Please don't post flamewar comments to Hacker News regardless of how wrong someone else is. You may not owe them better, but you owe the community better if you want to keep posting here.

https://news.ycombinator.com/newsguidelines.html


You work for the compensation, if the company thinks the compensation is fair for your output what is wrong? They could still be productive for their team while barely cracking 10 hours/week, what do you know?

Should people's work time be based on team loyalty? Shaming and pressuring "working for the team", "being a team player" is exactly the kind of behaviour of dysfunctional companies, teams and/or managers when pressuring overtime on employees.

I do push myself a bit more if I'm working with a team I enjoy but no way in hell I'm going to do 60-80 hours/week again in my life while getting a shitty pay because I feel I need to deliver project X that was sold for deadline Y that I had no input on.

No matter how much I like my team, if I'm not being paid for doing work I'm not doing it.

As a side-note: I include learning valuable skills and/or tools as part of "being paid for", if I can use my company's time to learn something that is useful in the industry it's fair enough, I just had a week where I stayed in the office afterwork hours to learn some Spark, for example.


If you can do 10 hours of work a week and have nobody notice, your company has more serious issues.


Not my problem. I tried, I put in the effort, but after 1.5 years I was still on the same wages as I was on as an intern, despite constantly asking for a pay rise, and my boss often praising my work.

If there's no real reward or incentive for hard work, why should I work hard? As the old Soviet saying goes: They Pretend to Pay Us; We Pretend to Work.


"Working" or just in the office doing 90hr/week is going to destroy your sanity/life outside of work regardless.


When you play Risk, do you consider yourself to be playing Risk only during an expansion and to not "actually" be playing Risk during consolidation?

Taking a breath, zooming out, and creating mental space to switch tasks is still work.

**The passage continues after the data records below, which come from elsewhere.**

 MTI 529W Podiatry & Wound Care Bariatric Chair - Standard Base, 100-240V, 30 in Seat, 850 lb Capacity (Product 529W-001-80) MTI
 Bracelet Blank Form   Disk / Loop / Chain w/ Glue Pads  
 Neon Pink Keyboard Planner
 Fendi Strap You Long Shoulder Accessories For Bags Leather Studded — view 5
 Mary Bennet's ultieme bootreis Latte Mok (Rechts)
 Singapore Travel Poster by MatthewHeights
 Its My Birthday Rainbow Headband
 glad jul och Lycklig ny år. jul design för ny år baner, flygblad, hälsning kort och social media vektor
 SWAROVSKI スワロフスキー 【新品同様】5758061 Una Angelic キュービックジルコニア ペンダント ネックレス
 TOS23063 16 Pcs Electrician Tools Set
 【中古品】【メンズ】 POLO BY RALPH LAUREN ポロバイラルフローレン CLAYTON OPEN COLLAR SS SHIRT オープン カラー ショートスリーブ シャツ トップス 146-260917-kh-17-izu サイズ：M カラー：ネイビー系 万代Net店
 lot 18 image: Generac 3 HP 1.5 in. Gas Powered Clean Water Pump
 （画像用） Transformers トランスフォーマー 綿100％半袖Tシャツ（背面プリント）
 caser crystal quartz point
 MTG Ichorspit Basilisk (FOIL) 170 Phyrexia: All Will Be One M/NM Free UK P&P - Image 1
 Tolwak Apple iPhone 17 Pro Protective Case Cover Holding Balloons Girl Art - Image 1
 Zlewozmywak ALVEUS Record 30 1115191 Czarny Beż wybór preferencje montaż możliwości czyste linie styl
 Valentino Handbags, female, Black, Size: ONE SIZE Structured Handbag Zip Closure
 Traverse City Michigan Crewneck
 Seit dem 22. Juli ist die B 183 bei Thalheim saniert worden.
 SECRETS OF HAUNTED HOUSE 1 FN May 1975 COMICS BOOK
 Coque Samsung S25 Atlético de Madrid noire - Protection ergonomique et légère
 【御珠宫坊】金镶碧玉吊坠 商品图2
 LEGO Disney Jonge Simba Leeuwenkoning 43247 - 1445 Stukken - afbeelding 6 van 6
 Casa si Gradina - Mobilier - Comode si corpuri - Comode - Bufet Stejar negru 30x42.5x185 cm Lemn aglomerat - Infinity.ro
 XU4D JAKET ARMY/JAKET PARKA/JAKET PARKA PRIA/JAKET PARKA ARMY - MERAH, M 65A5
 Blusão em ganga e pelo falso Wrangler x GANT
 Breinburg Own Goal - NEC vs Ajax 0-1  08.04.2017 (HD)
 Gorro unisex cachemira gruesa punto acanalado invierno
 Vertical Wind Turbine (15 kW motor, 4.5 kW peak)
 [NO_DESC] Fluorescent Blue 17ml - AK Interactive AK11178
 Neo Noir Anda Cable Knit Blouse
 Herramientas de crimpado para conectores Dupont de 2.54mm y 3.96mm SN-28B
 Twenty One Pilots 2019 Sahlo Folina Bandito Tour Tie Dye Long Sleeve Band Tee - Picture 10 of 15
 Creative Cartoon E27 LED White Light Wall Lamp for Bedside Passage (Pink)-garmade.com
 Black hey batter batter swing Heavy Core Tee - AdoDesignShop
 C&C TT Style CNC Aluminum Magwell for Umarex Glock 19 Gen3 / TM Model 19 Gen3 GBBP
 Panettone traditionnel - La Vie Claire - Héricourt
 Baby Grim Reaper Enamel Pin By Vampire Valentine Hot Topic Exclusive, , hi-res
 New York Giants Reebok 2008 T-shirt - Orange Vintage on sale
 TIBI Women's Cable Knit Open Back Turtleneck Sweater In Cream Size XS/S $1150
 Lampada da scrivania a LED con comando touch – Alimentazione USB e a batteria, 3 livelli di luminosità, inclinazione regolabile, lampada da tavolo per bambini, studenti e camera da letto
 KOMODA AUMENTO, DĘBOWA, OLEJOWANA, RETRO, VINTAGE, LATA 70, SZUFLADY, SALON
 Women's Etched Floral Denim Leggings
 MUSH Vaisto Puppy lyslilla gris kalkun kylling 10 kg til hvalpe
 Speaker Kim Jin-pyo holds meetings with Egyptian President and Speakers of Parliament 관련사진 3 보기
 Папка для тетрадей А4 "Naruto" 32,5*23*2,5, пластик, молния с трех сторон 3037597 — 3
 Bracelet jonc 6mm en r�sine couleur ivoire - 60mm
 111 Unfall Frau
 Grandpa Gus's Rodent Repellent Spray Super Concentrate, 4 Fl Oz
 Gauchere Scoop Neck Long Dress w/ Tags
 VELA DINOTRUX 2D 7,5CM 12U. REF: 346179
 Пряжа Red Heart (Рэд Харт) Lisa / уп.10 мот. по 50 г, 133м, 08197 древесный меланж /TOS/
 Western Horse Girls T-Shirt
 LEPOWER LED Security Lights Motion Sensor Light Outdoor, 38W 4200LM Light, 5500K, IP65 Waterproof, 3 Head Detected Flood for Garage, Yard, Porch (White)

I think it means that people that say they work 90 hours a week have no other life obligations (or ones that they have accepted) and have internalized their company's mission as their own reason for living. They may be _working_ those 90 hours but that definition is effectively meaningless because if the company mission is their mission then peering into their own navel is justifiably work. Whether that is productive or valuable for the company is unknown.


I think there are some high performance work athletes who can work 90 hours in a focused manner but there are also a lot of pretenders who just hang around and do nothing.


I think the number of people who can consistently produce output 90 hours per week, over 50 weeks, is so small as to barely even exist.

The people that claim to work 90 hour weeks are generally entrepreneurs who include lunch meetings and things like thinking about strategy outside of the office, in those hours. If you own the business you never really stop thinking about it, but that is a completely different measure than for an employed individual contributor.


I'd bet those "high performance work athletes" are probably also taking "performance enhancing drugs".


Very possible. I just wanted to emphasize that in the same way there are a few people who can run 10.5 over 100m without training (I knew one of them) there are also most likely some people who have a natural ability to do more work than a regular person ever will be able to.


If only that worked over the long haul it would be great. But as it turns out you can only spray gas in the carb infrequently or you eventually wind up even further behind the non overclockers with still working engines pass you right up.


Yes, the idea is a mainstay of children's stories and american culture: "The Tortoise and the Hare".

At least, it used to be. It seems a lot of people have forgotten these lessons.


For everyone interested there's an excellent book on running a bussines called Rework with exact same phrase "you're not a hero if you work long hours".


If ya wanna see a hero go to the morgue.


Would you please stop posting unsubstantive comments to HN?